*Extracted data*

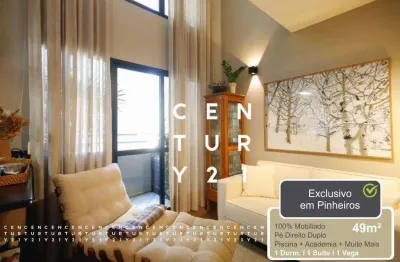 Apartamento com 1 dormitório, 49 m² - venda por r$ 697.000,00 ou aluguel por r$ 5.935,00/mês - pinheiros - são paulo/sp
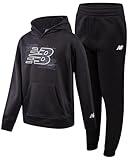 New Balance Boys Sweat Suit Set - 2 Piece Soft Fleece Tracksuit Set with Pullover Hoodie & Jogger Sweatpants for Boys (8-16), Size 16, Black
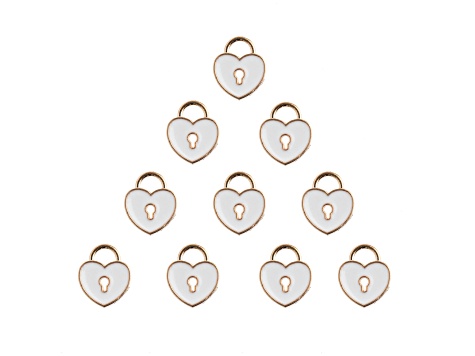 10-Piece Sweet & Petite White Heart Locket Small Gold Tone Enamel Charms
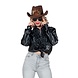 Disco Blouse Ruches Zwart Disco Blouse Ruches Zwart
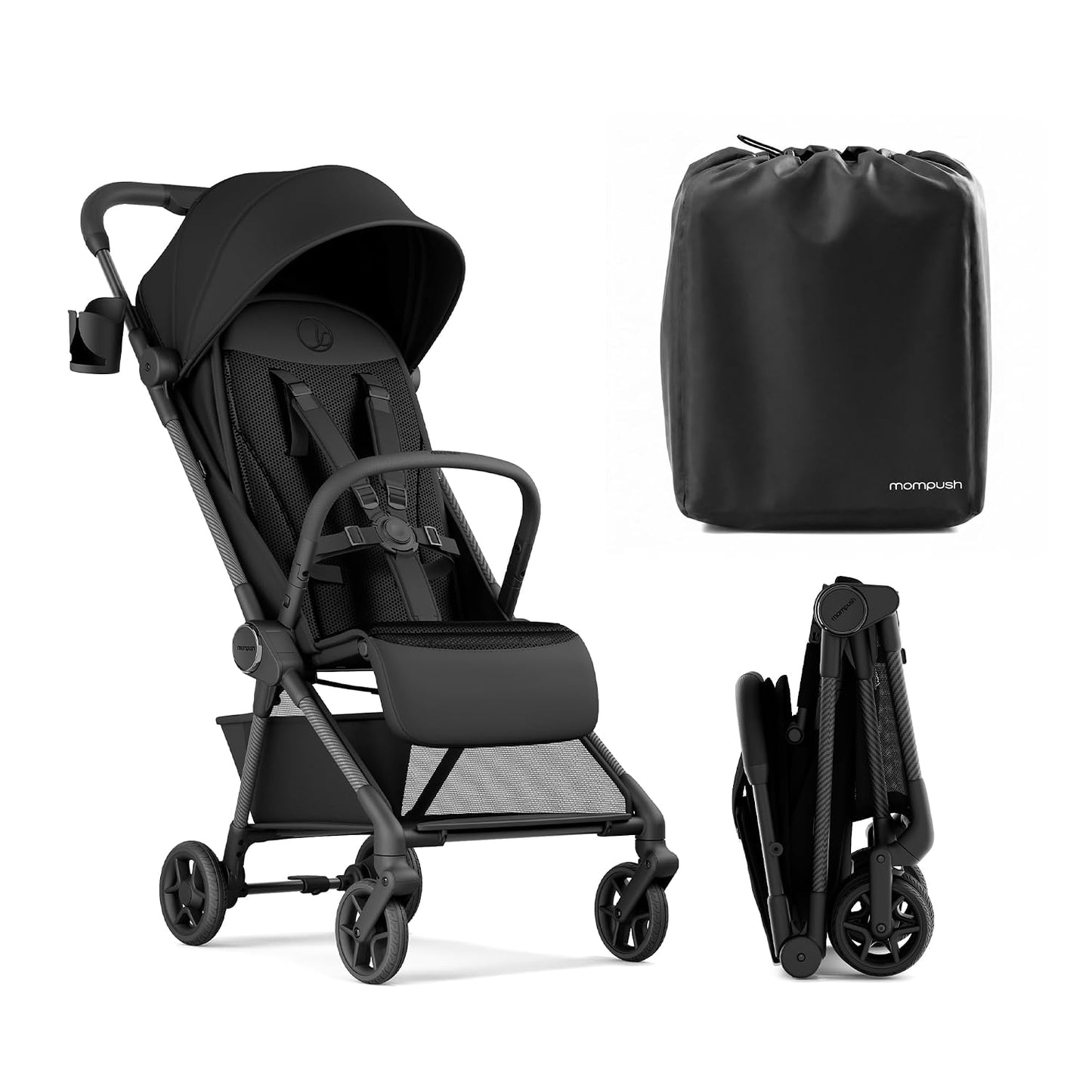 Mompush Nexis - Cochecito de viaje ligero de fibra de carbono, equi...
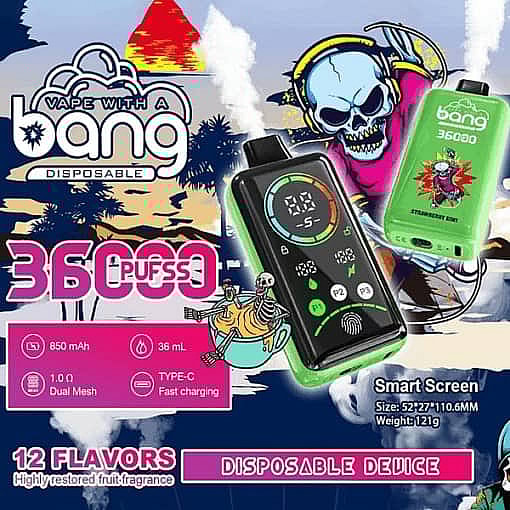 Colorful Advertisement For A Disposable Vape Device Called Bang 36000 Power Featuring A Cartoon Skeleton With Headphones, Images Of The Vape Device With A Digital Smart Screen, Product Specifications, And A Mention Of 12 Fruit Flavors.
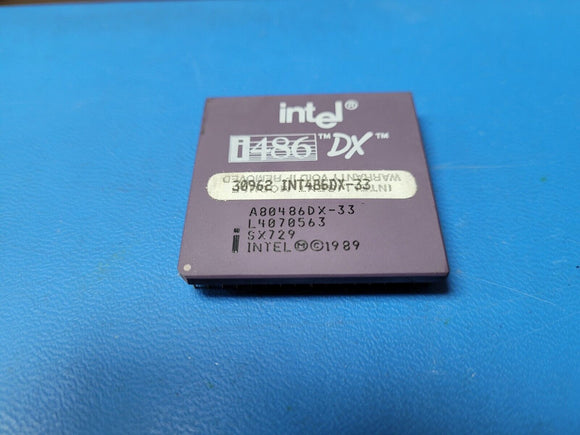 (1 PC) A80486DX-33 INTEL Microprocessor, 32-Bit, 32MHz, MOS, CPGA168
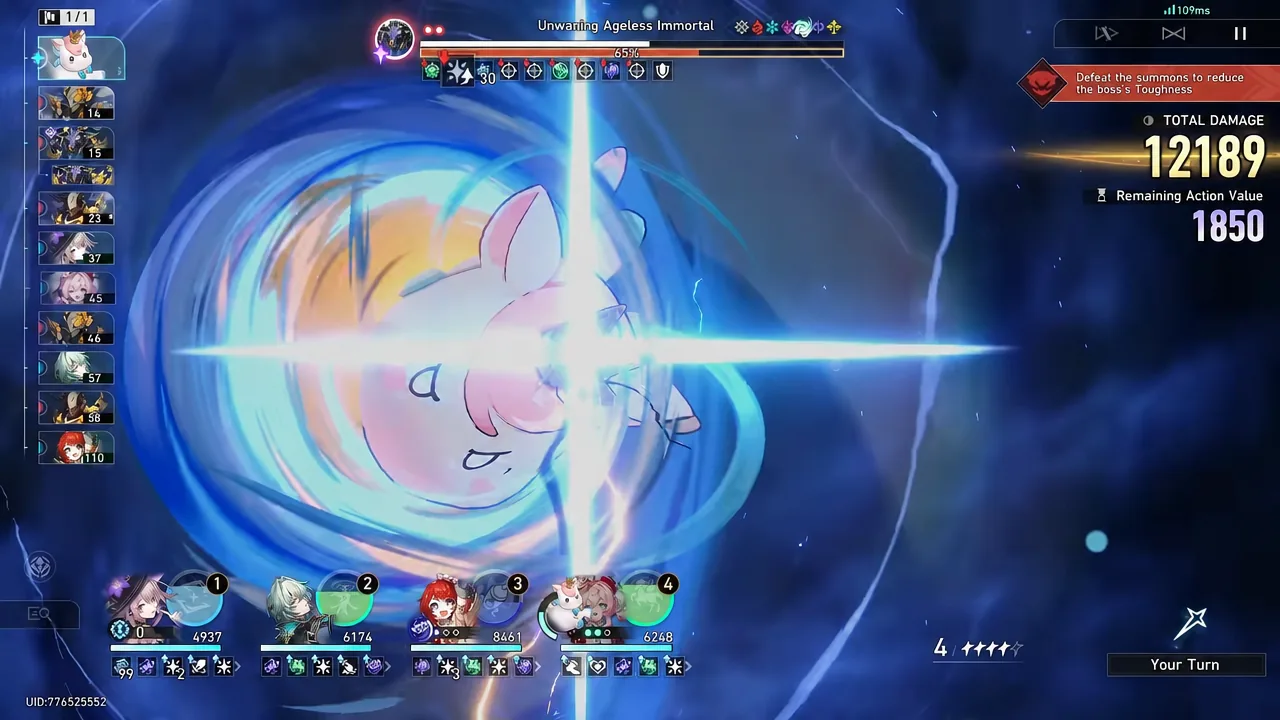 Node 1 battle screen with an AoE attack landing on Unwaning Ageless Immortal and its HP bar visible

*The task*
Leave the pictures aside and give the records above back word for word.

*Response box*
 Apartamento com 1 dormitório, 49 m² - venda por r$ 697.000,00 ou aluguel por r$ 5.935,00/mês - pinheiros - são paulo/sp
 New Balance Boys Sweat Suit Set - 2 Piece Soft Fleece Tracksuit Set with Pullover Hoodie & Jogger Sweatpants for Boys (8-16), Size 16, Black
 10-Piece Sweet & Petite White Heart Locket Small Gold Tone Enamel Charms
 Disco Blouse Ruches Zwart Disco Blouse Ruches Zwart
 Mompush Nexis - Cochecito de viaje ligero de fibra de carbono, equi...
 Colorful Advertisement For A Disposable Vape Device Called Bang 36000 Power Featuring A Cartoon Skeleton With Headphones, Images Of The Vape Device With A Digital Smart Screen, Product Specifications, And A Mention Of 12 Fruit Flavors.
 (1 PC) A80486DX-33 INTEL Microprocessor, 32-Bit, 32MHz, MOS, CPGA168
 Node 1 battle screen with an AoE attack landing on Unwaning Ageless Immortal and its HP bar visible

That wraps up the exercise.